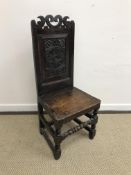 A 17th Century style oak panel seated hall chair with crown carved top rail over a Tudor rose and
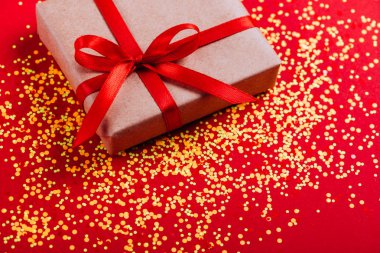 Çok renkli konfeti ile renkli arka plan üzerinde kırmızı yay ile kutusu mevcut. Düz yatıyordu stili.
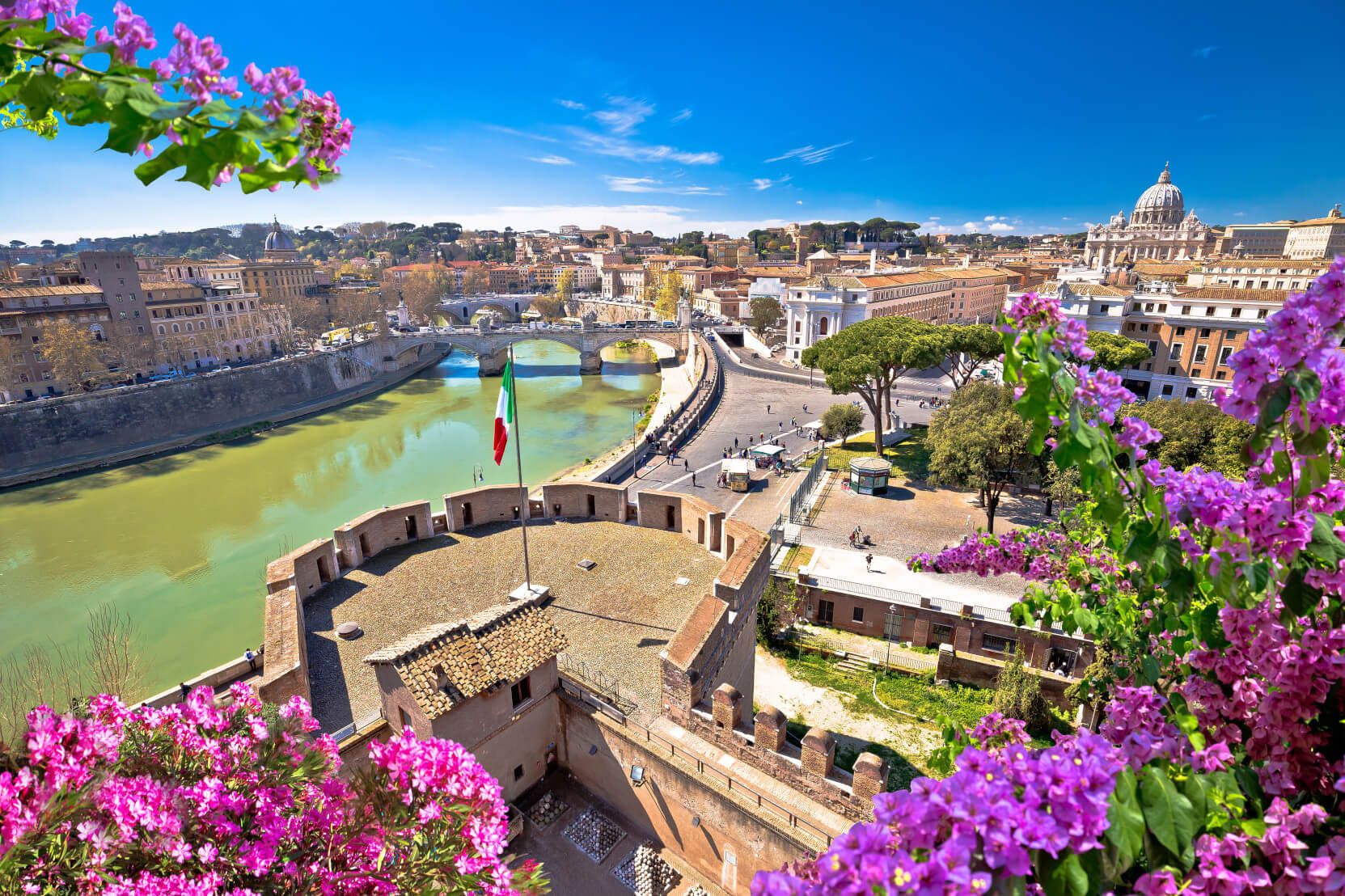 Blick auf Rom mit der Tiber, Brücken und bunten Blumen im Vordergrund. Ein schöner, sonniger Tag.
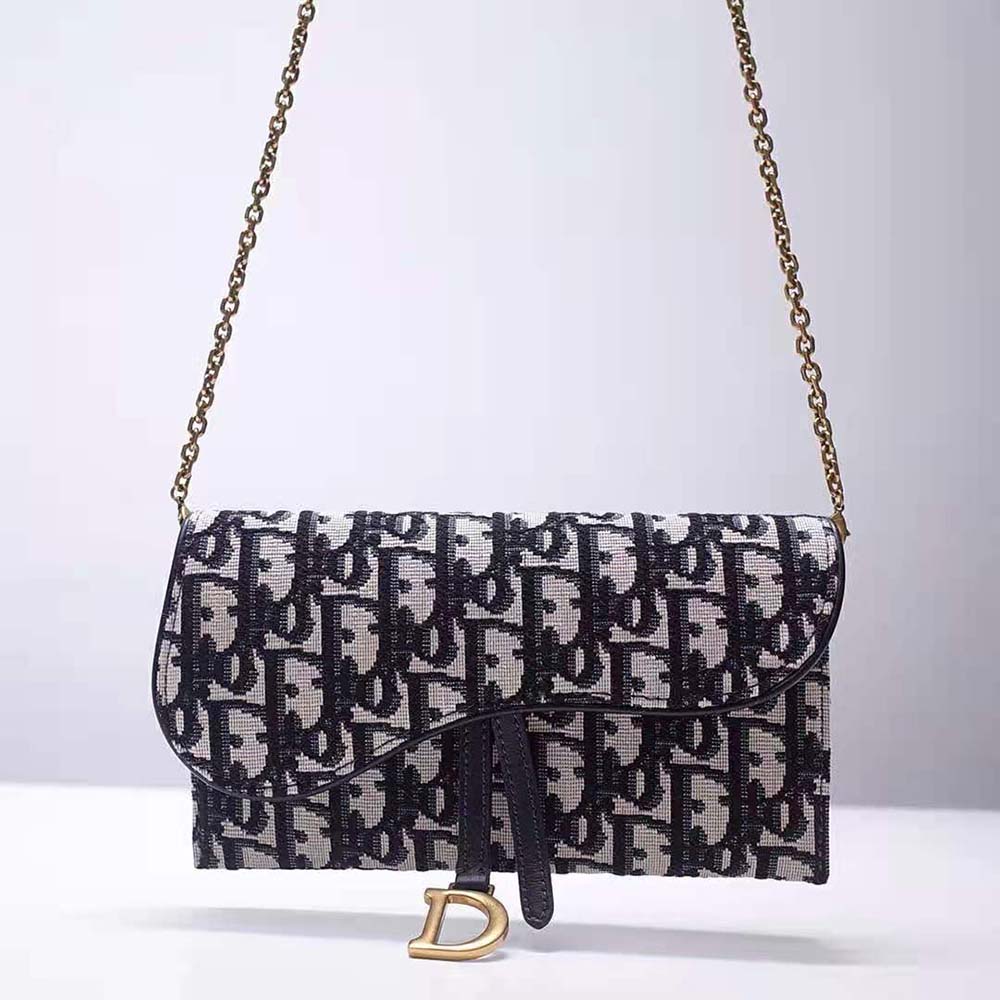 Side angle showing adjustable strap of Dior Women Saddle Wallet Blue Dior Oblique Jacquard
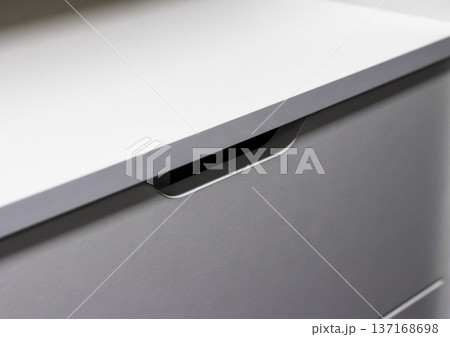 Modern shelving unit with a drawers in a wardrobe 137168698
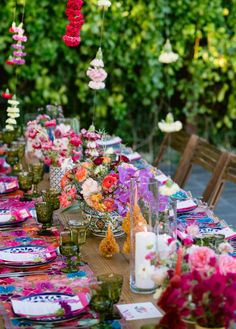 a long table is set with colorful flowers and candles for an outdoor dinner or party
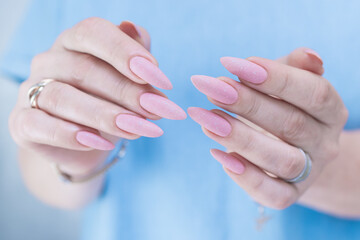 Woman's hands with long nails and a light pink color nail polish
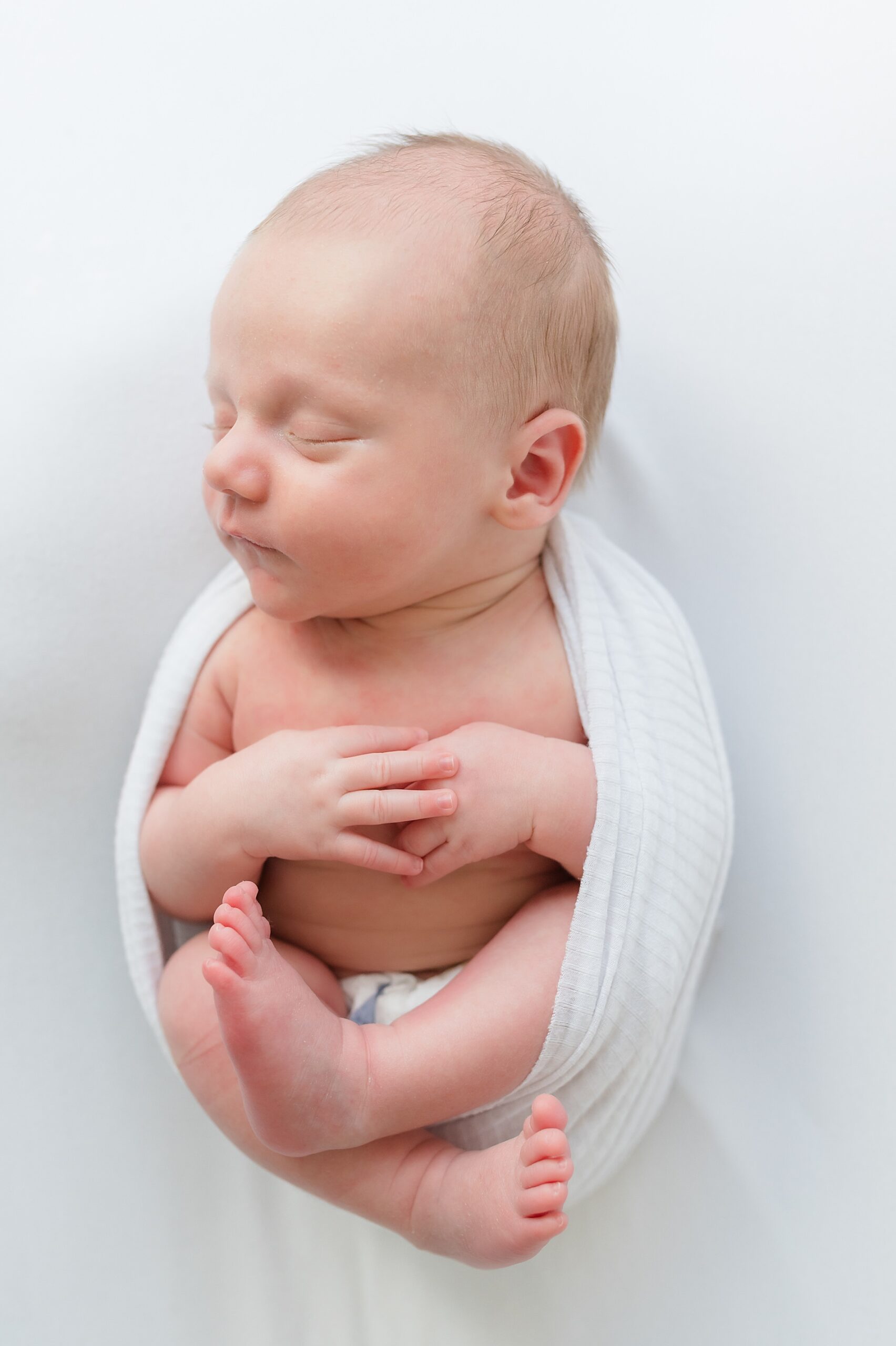newborn wrapped in white blanket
------------------------------------------------------------
### Aim of the exercise:
Output the records above verbatim. Pictures stay out.

### Exercise output:
 A 17th Century style oak panel seated hall chair with crown carved top rail over a Tudor rose and
 Çok renkli konfeti ile renkli arka plan üzerinde kırmızı yay ile kutusu mevcut. Düz yatıyordu stili.
 Blick auf Rom mit der Tiber, Brücken und bunten Blumen im Vordergrund. Ein schöner, sonniger Tag.
 Side angle showing adjustable strap of Dior Women Saddle Wallet Blue Dior Oblique Jacquard
 Modern shelving unit with a drawers in a wardrobe 137168698
 a long table is set with colorful flowers and candles for an outdoor dinner or party
 Woman's hands with long nails and a light pink color nail polish
newborn wrapped in white blanket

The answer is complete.